-- ACTIVITY --
Copy the records below, from the line containing "Poster for Lloyd Spiegel" through the last line; leave out pictures.

*** MATERIAL FOR THIS TASK ***

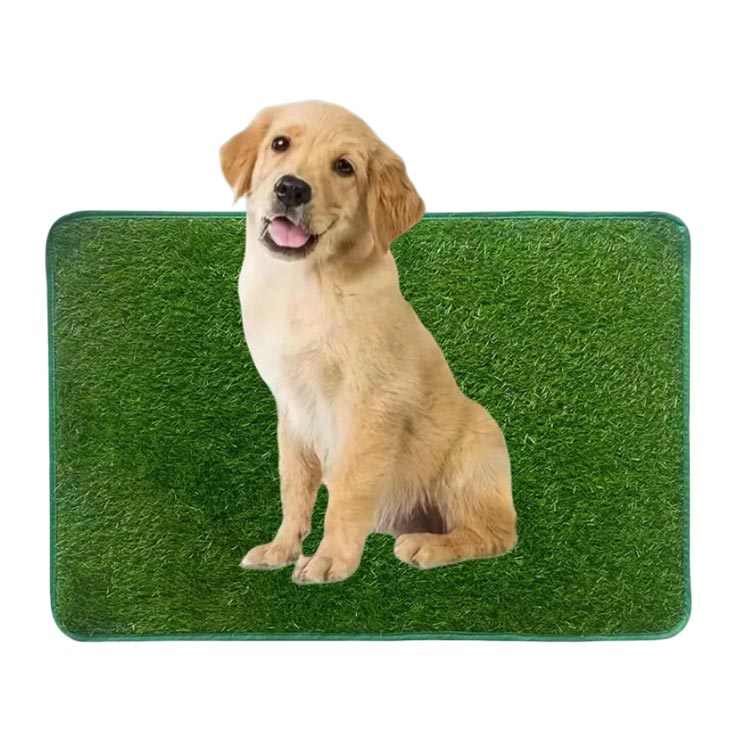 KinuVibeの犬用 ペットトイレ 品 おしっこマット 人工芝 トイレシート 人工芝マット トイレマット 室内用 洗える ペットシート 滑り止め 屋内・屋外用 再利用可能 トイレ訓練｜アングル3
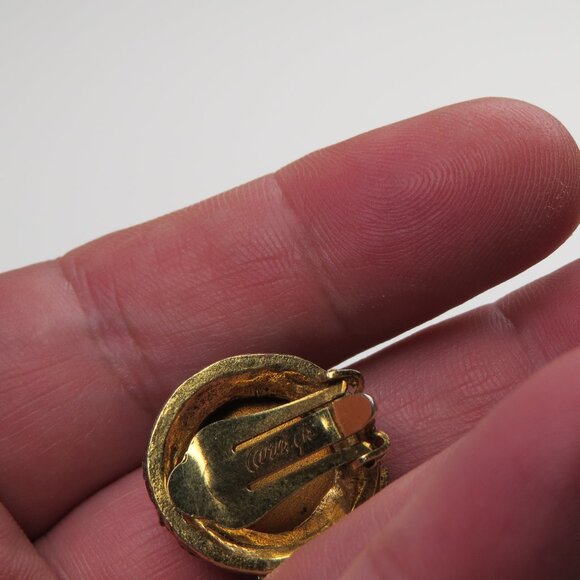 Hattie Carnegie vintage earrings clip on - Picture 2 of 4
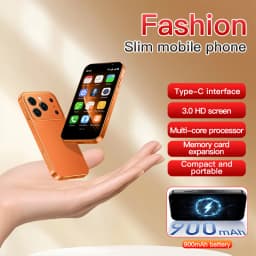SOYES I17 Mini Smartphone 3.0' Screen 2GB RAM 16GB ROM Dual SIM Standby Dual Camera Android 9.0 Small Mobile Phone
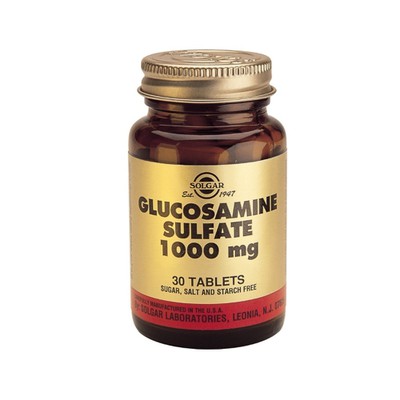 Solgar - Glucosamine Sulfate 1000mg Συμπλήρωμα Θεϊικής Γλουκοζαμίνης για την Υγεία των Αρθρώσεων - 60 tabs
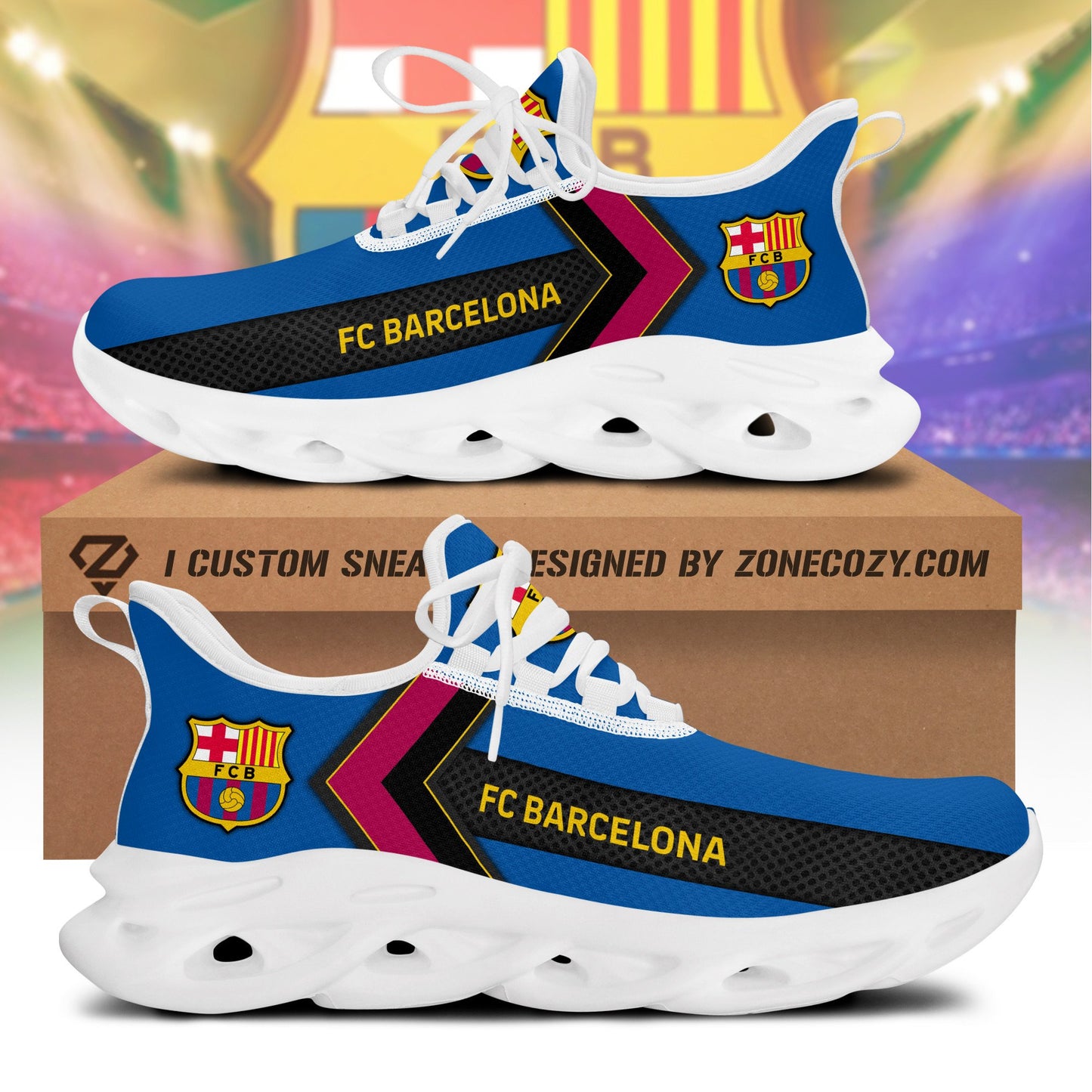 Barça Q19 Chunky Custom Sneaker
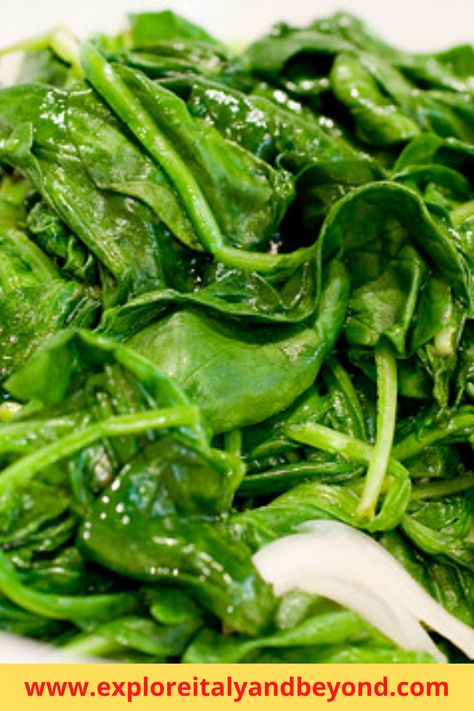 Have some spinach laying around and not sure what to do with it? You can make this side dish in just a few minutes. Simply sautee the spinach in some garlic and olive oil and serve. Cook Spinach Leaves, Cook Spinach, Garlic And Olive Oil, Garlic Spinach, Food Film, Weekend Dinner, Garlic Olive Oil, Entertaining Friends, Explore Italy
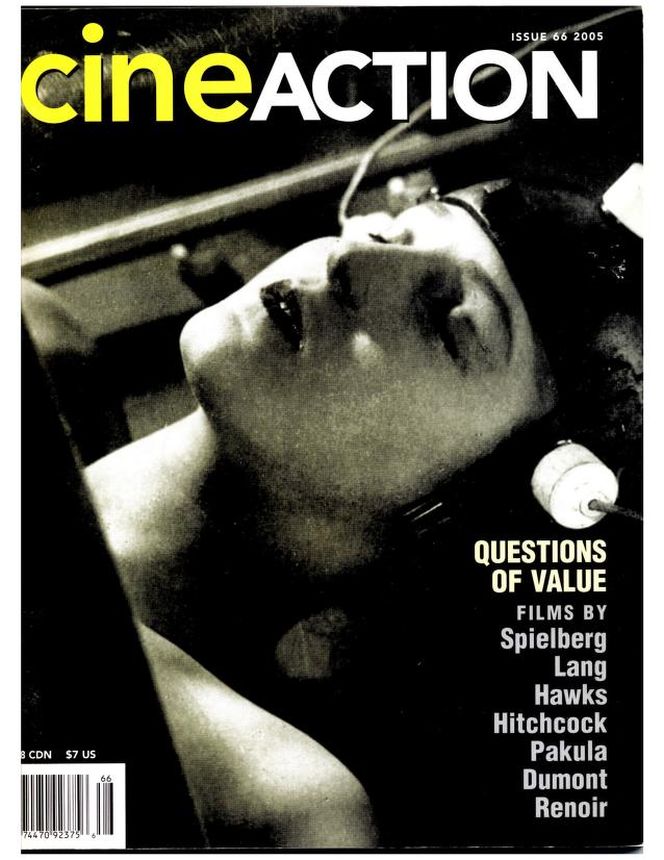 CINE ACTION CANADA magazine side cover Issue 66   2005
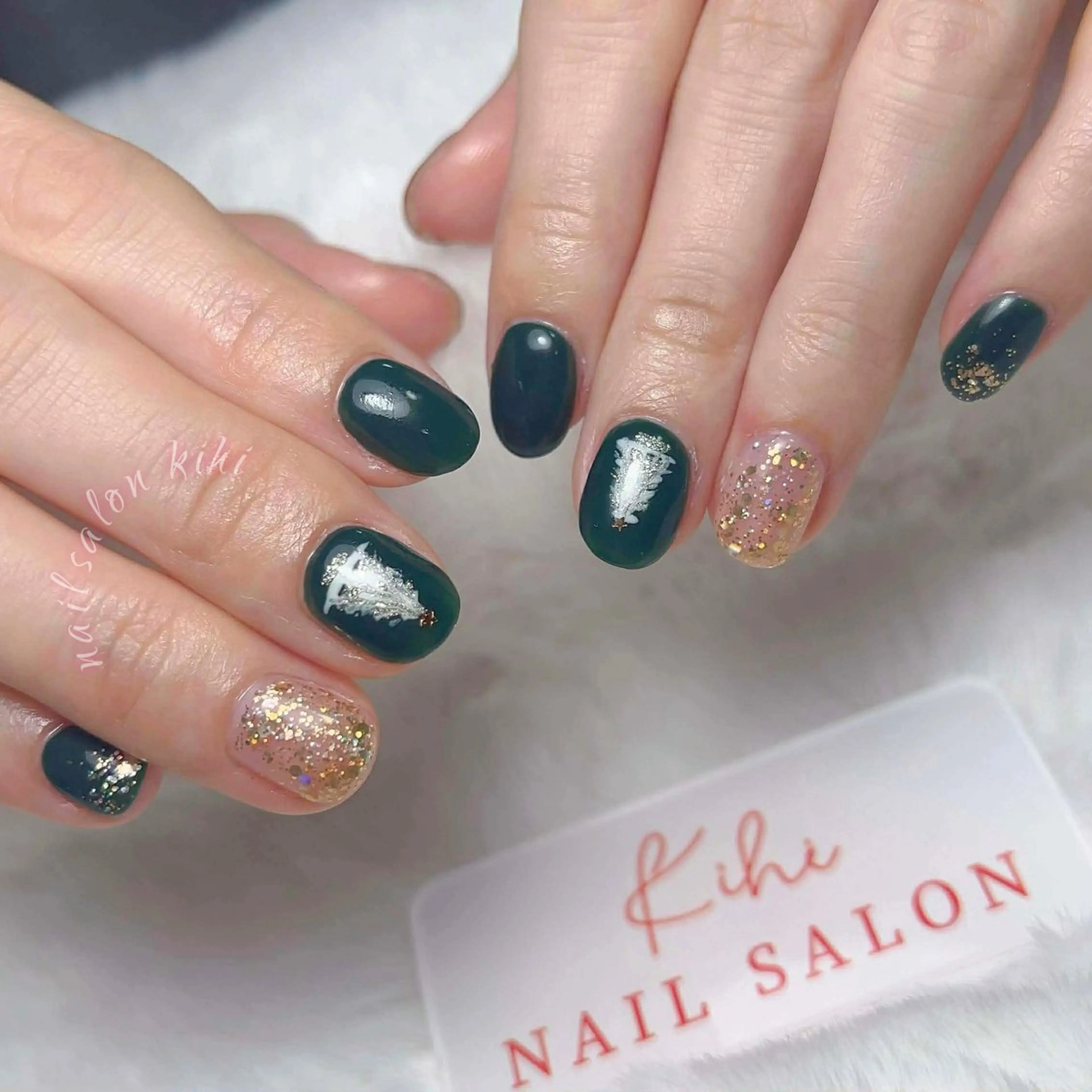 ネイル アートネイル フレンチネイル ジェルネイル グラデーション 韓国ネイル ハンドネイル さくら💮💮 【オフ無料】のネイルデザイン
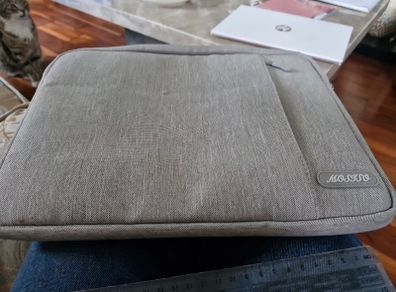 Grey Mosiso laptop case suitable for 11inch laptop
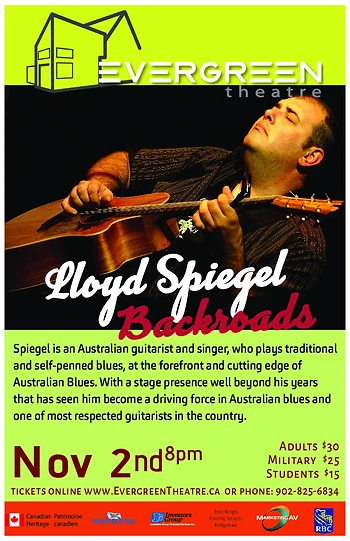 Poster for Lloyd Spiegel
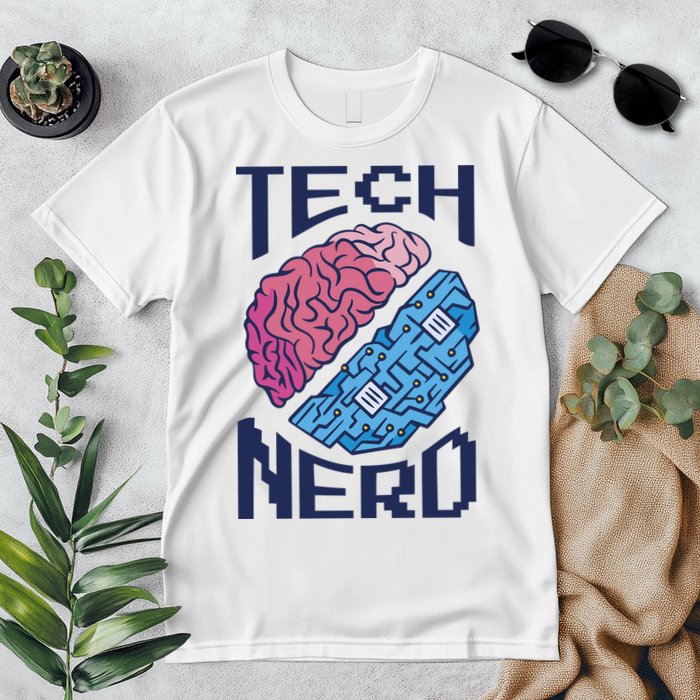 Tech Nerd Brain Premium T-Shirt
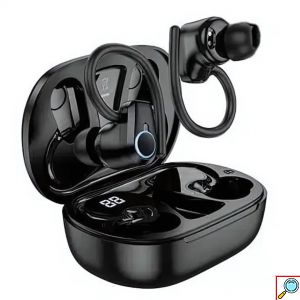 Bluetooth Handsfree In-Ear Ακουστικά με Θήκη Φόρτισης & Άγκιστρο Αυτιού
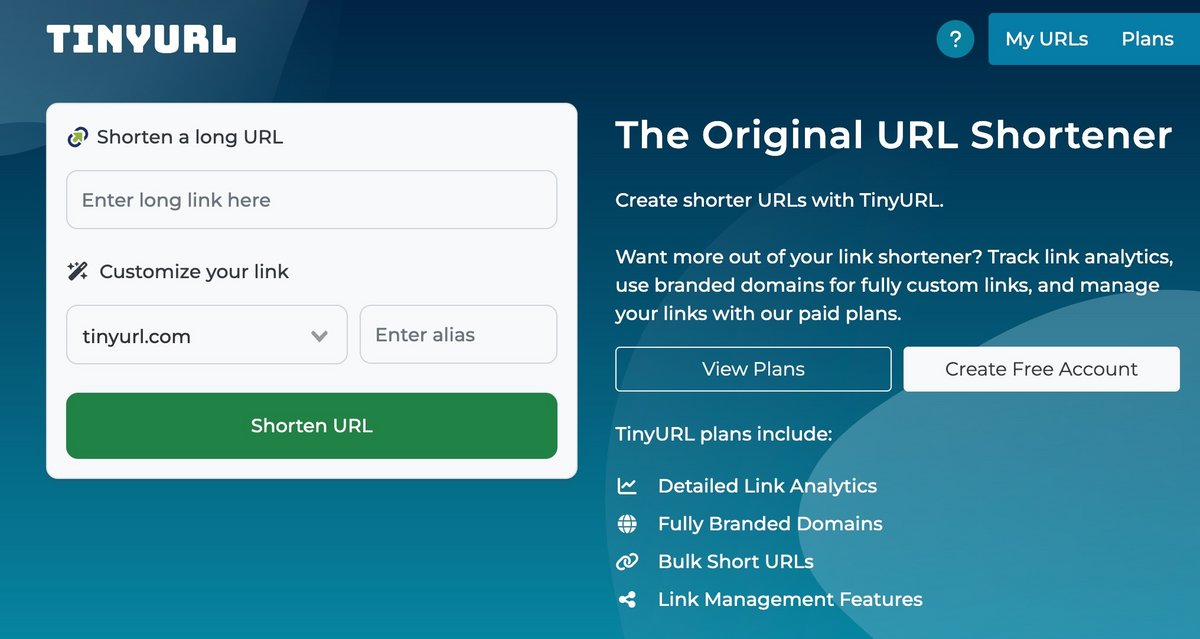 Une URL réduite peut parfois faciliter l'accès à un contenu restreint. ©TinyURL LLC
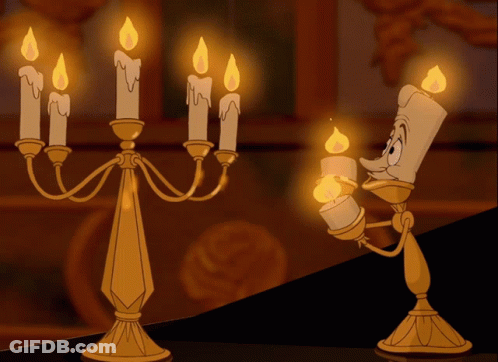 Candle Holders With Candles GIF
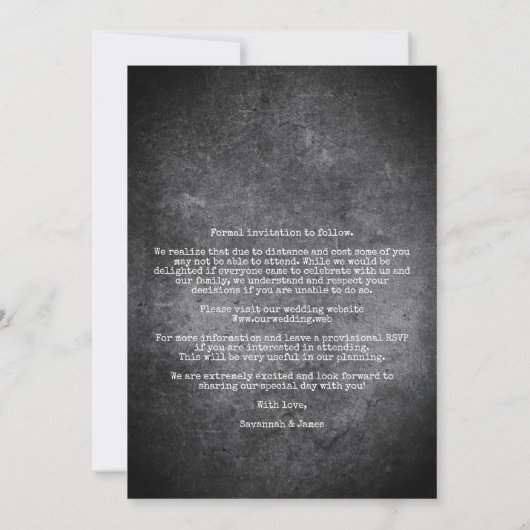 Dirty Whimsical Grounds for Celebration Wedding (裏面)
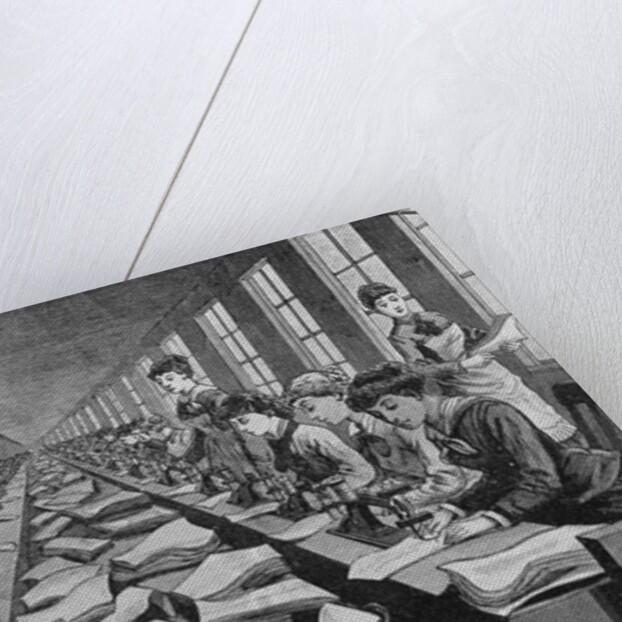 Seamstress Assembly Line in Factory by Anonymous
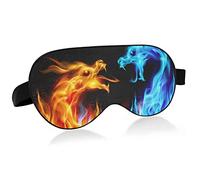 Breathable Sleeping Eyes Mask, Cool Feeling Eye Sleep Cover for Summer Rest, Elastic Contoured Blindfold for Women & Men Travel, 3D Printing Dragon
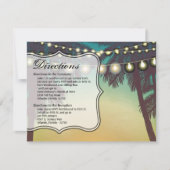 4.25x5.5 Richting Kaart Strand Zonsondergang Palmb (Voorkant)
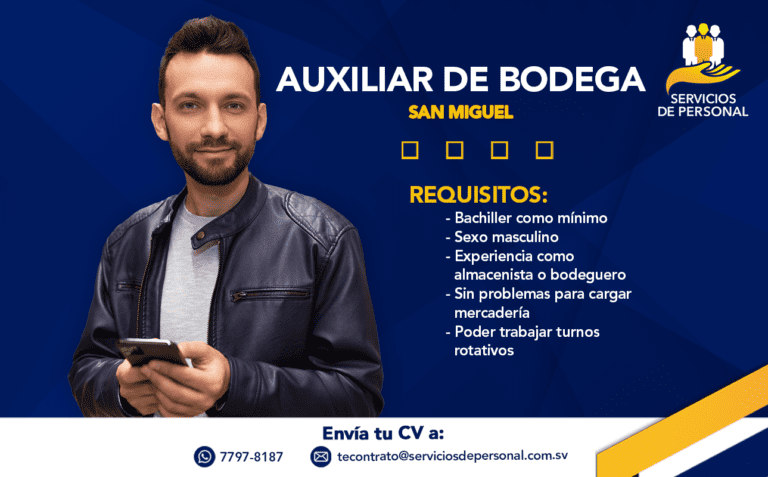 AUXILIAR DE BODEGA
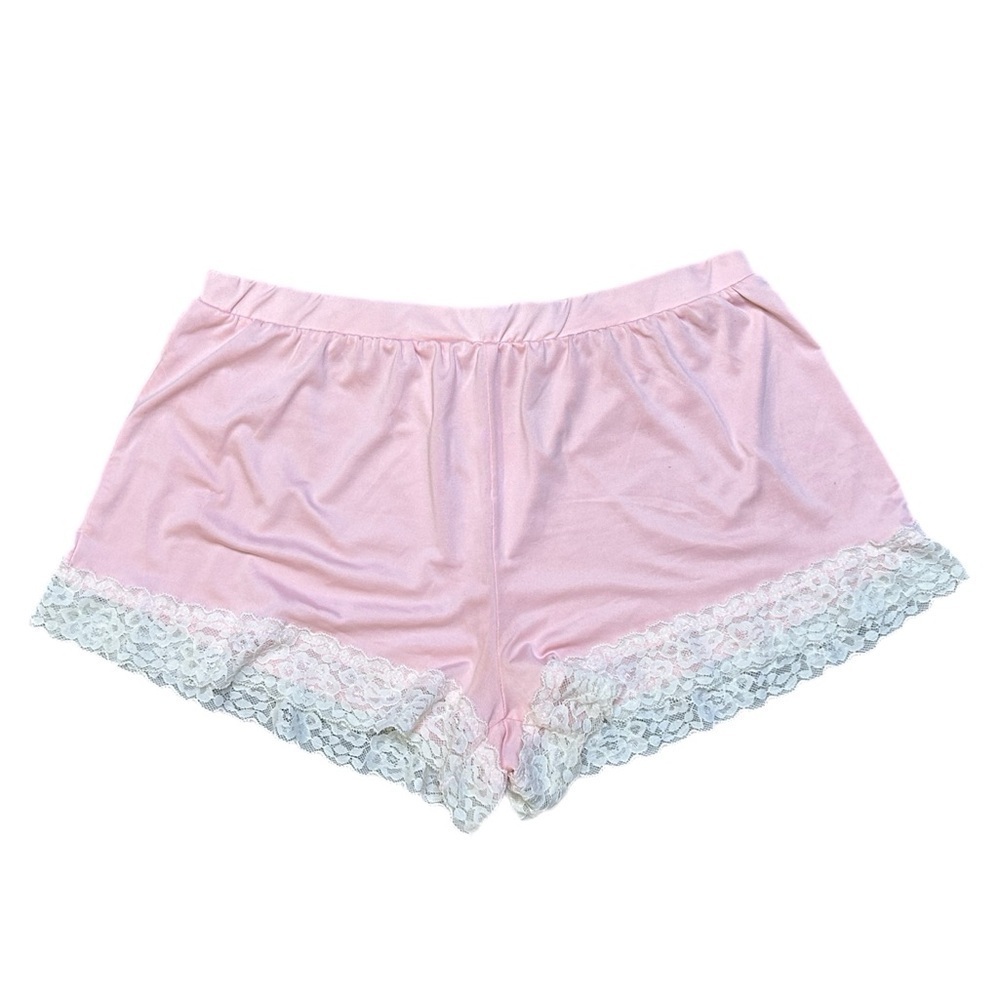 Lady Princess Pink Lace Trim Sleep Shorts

***

-- EXERCISE RESPONSE --
 Poster for Lloyd Spiegel
 Tech Nerd Brain Premium T-Shirt
 Bluetooth Handsfree In-Ear Ακουστικά με Θήκη Φόρτισης & Άγκιστρο Αυτιού
 Une URL réduite peut parfois faciliter l'accès à un contenu restreint. ©TinyURL LLC
 Candle Holders With Candles GIF
 Dirty Whimsical Grounds for Celebration Wedding (裏面)
 Seamstress Assembly Line in Factory by Anonymous
 Breathable Sleeping Eyes Mask, Cool Feeling Eye Sleep Cover for Summer Rest, Elastic Contoured Blindfold for Women & Men Travel, 3D Printing Dragon
 4.25x5.5 Richting Kaart Strand Zonsondergang Palmb (Voorkant)
 AUXILIAR DE BODEGA
 Lady Princess Pink Lace Trim Sleep Shorts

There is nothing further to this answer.